Eventually the Englishmen packed their finds and belongings and went home. The district governor had an iron door made for the cave entrance, locked it, and gave Pinness the key. None too gently, Rilov demanded that the cave be used for hiding dynamite and corpses and conducting secret initiation rites, but Pinness adamantly refused. With a surprisingly mulish show of courage he told Rilov that any sign of the door’s having been tampered with would be reported to the governor at once.

The cave became his retreat. ‘Everyone needs to bury himself somewhere,’ he chuckled. Best of all he liked to sit in the entrance looking down on the Valley from an unconventional perspective of time and space. Though he never slept in it, fearing not only cave fever but all kinds of prehistoric diseases that the ticks which lived there might infect him with, odd strains of Neanderthalian typhus and even more primitive and incurably pre-anthropoid illnesses, he visited it often for research and meditation.

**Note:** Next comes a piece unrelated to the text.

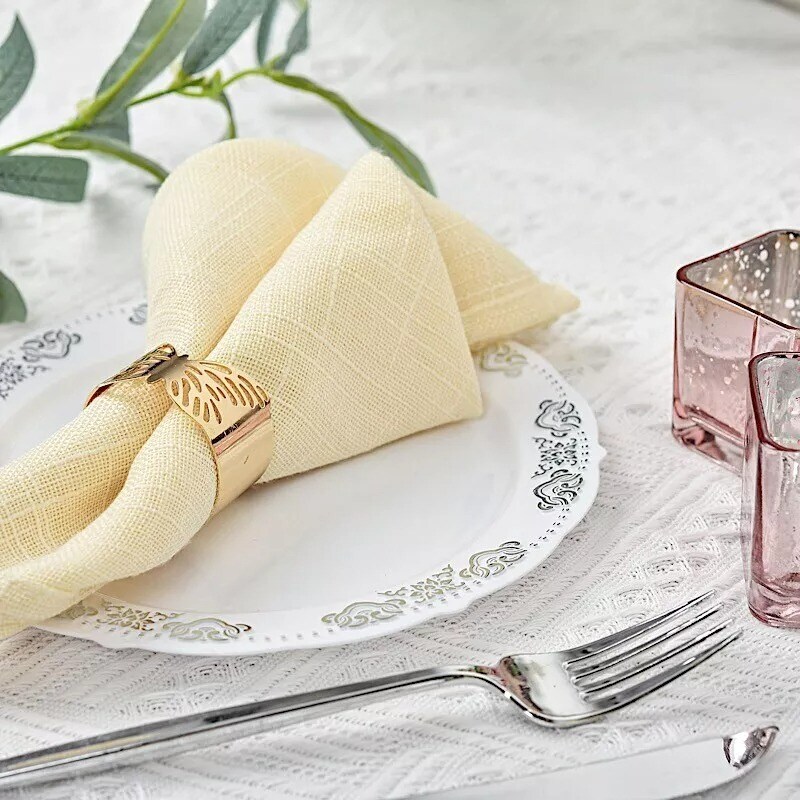 5 Metallic Gold Butterfly Napkin Rings Wedding Party Events Decorations Supplies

There in the bowels of the earth Pinness discovered blind snakes that lived off thallophytes, pallid salamanders that metamorphosed more slowly than their surface-dwelling cousins, and African wood lice that were unknown in Palestine. ‘Living fossils,’ he called them, struck by a mind-boggling thought. Not far from the cave grew a small stand of
Acacia albida
, ‘the only surviving remnant of the African flora that invaded this country millions of years ago’, and Pinness conjectured that the wood lice were relics of the same period. As he crouched watching these crablike immortals scuttle over the ground, the cave startled him by becoming the aperture of a time tunnel. The perseverance of such ‘exceedingly wise lilliputians’, who had managed to create an enduring society despite their lack of Movements, utopian
visions, and historical traditions, filled him with a warm glow. With its exotic acacias, the cave seemed to him part of a primeval bubble unburst by time. Often he had to take a deep breath before entering its subterranean labyrinth, where he felt that he was sinking into the strange, viscous depths of a pocket of still hardening amber.

   

For years he brought his pupils to the cave. We would tramp for close to two hours through fields and up the steep hillside to plunge all at once into the cleft of a rock. Taking the key from his pocket, Pinness would open the grating iron door, releasing a chill, thick eddy of air that crawled inquisitively over our faces and bare legs. First he made us sit in the front of the cave by a small pool of water so old it had no taste at all, its sediments having long since settled to the bottom. Eyeless little creatures jetted back and forth on it. Though the aeons of darkness stored in their bodies blinded anyone who looked at them, their soft forms could be felt as they brushed the backs of our hands.